Взойдя на невысокий холм, Римо оглянулся. Внизу лежала Синанджу, с бревенчатыми хибарами, похожими на буддийские пагоды с загнутыми краями крыш, дощатыми тротуарами и великолепной сокровищницей. Деревня напоминала азиатский вариант городка на Диком Западе, но никак не дом родной.
По крайней мере, не для Римо. И не для Чиуна. Да, пожалуй, и ни для кого.
Внезапно Римо ощутил страшную усталость. Он ушел, чтобы побыть наедине со своими мыслями и переживаниями, но сейчас ему хотелось только одного — найти какое-нибудь укромное место, желательно под крышей, и поспать.
Римо почти сразу отыскал такое местечко. В долине, в стороне от селения, стояла скромная хижина. Римо подошел ближе, но не заметил никаких признаков жизни. Возле хижины не лежала корзина с редькой, не сушилась лапша в пучках, как это обычно бывает рядом с сельским корейским домом.
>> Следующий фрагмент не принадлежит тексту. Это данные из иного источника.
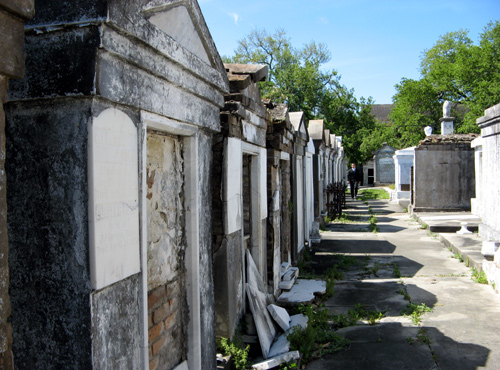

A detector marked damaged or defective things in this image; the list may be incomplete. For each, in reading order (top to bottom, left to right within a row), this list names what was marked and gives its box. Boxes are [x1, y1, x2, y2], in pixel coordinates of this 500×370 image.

broken marble piece [268, 304, 292, 332]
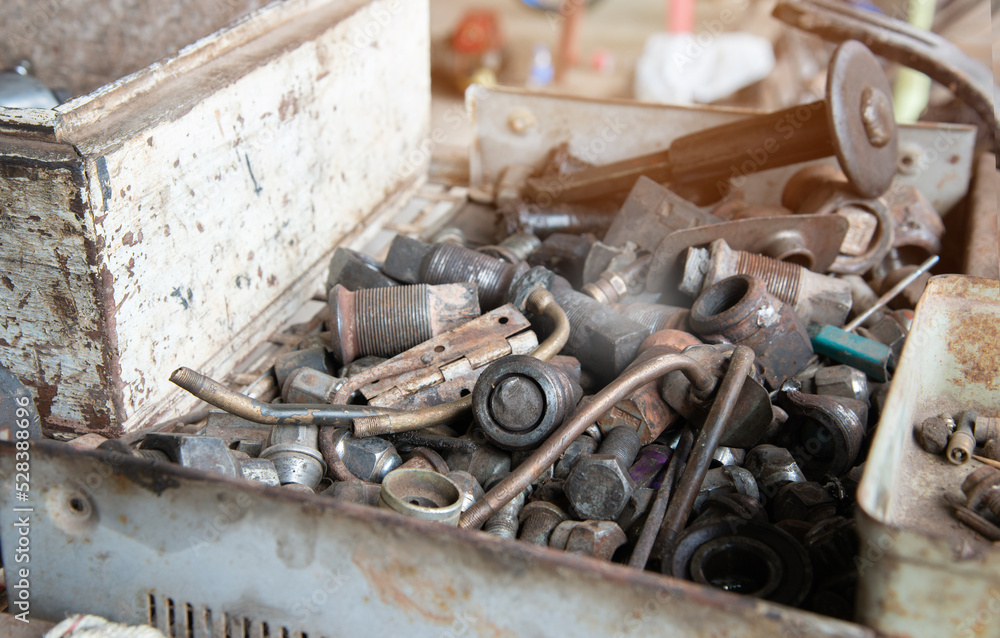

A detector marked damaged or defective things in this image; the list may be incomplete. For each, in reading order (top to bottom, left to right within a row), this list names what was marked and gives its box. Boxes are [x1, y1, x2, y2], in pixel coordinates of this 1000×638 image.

wooden box with peeling paint [0, 0, 430, 436]
rusty metal sheet [0, 440, 876, 638]
rusty metal sheet [852, 276, 1000, 638]
rust stain [948, 312, 996, 392]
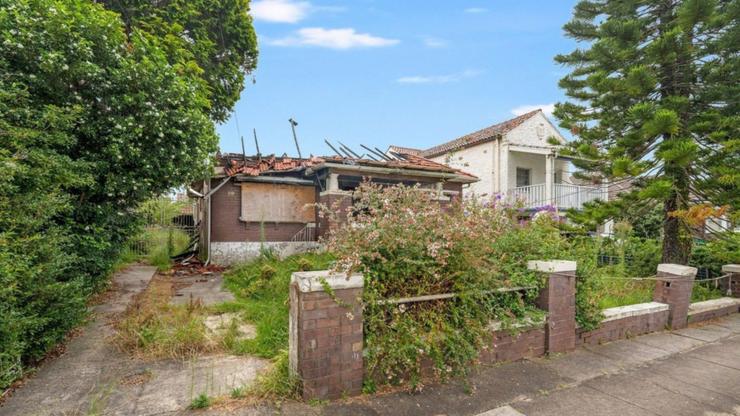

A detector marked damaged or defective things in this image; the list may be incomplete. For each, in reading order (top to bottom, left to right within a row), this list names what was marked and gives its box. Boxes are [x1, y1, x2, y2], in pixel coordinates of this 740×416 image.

damaged house [191, 151, 476, 264]
house missing roof [194, 151, 476, 264]
cracked concrete path [0, 264, 266, 414]
cracked concrete path [197, 316, 740, 416]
Все словно вымерло. Римо не помнил, чтобы видел этот дом в свои прошлые приезды в Синанджу.
И он решил, что если этот дом ничей, он войдет и станет там жить.
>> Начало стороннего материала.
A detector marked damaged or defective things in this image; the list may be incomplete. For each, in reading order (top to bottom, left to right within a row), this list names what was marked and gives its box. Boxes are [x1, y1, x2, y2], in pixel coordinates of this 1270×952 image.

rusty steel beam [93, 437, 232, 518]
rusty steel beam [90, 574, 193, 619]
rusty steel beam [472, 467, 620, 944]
Римо толкнул дверь. Она оказалась не заперта. Внутри было очень темно, только из приоткрытой двери падала узкая полоска света. Тем лучше. В темноте крепче спится.
Римо едва не споткнулся о циновку. На ней он и расположился и, едва коснувшись спиной твердого пола, начал забываться.
— А что, если я проснусь дома? — пробормотал он, засыпая.
— Кто здесь? — донесся из темноты тихий голос. Говорили по-корейски.
Римо вскочил и машинально стал вглядываться в темноту. В доме кто-то был, этот человек сидел в дальнем углу без света.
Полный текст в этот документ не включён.